--- DATASET ENTRIES ---

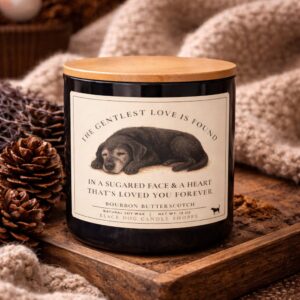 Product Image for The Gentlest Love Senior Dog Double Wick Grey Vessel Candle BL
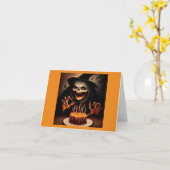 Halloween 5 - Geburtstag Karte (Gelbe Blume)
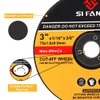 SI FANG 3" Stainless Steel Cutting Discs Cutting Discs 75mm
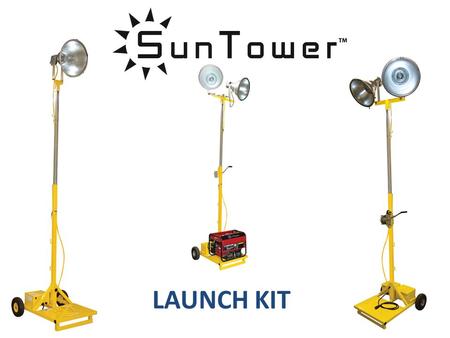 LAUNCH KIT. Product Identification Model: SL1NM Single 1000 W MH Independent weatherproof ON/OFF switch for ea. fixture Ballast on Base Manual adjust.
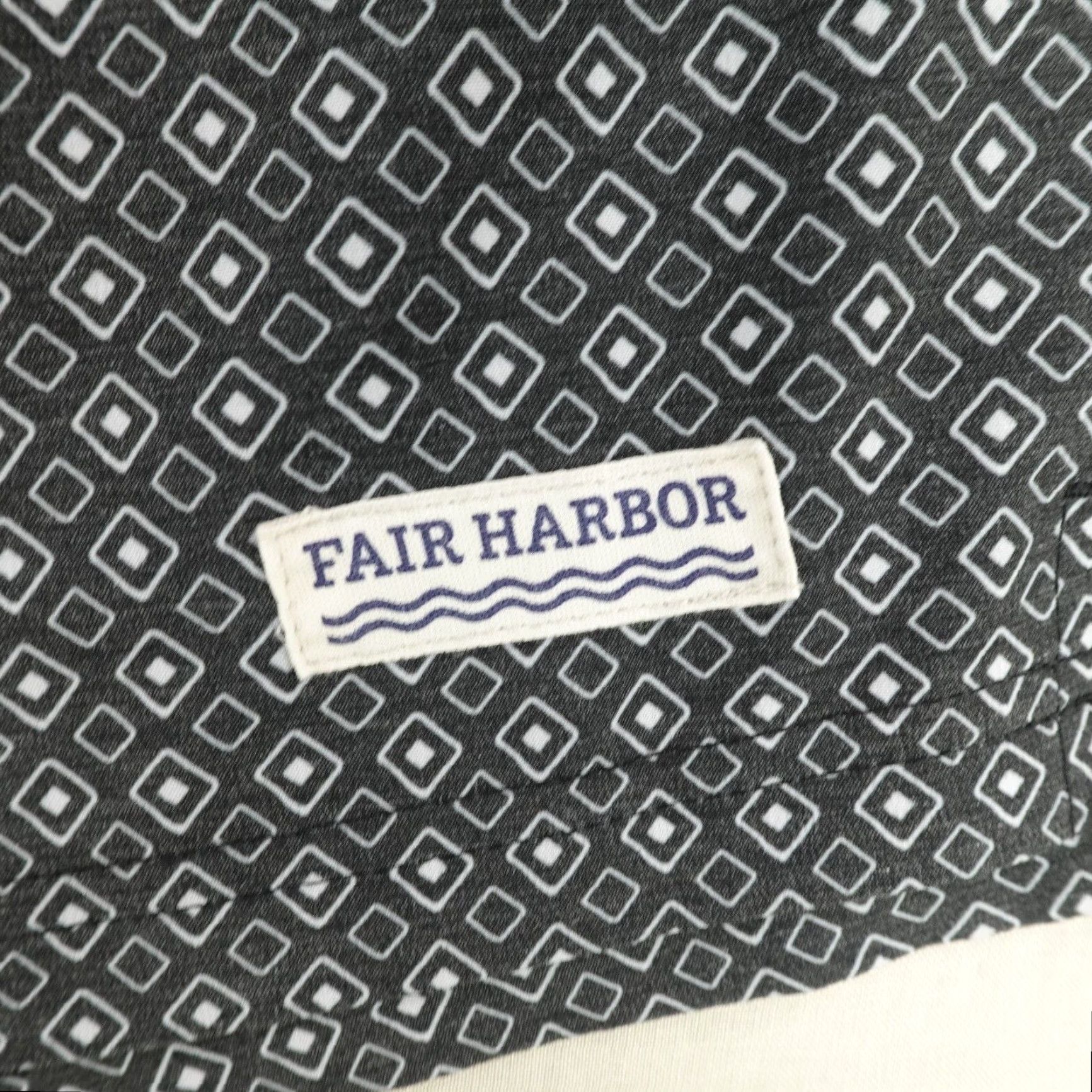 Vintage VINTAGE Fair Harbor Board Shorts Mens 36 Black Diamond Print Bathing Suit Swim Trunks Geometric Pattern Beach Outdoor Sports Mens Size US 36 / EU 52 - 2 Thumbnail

---

**GOAL OF THE EXERCISE**:
Once you find the line containing "LAUNCH KIT. Product", transcribe it and each line after it to the end of the records exactly, and leave out the pictures.

**RESPONSE AREA**:
 LAUNCH KIT. Product Identification Model: SL1NM Single 1000 W MH Independent weatherproof ON/OFF switch for ea. fixture Ballast on Base Manual adjust.
 Vintage VINTAGE Fair Harbor Board Shorts Mens 36 Black Diamond Print Bathing Suit Swim Trunks Geometric Pattern Beach Outdoor Sports Mens Size US 36 / EU 52 - 2 Thumbnail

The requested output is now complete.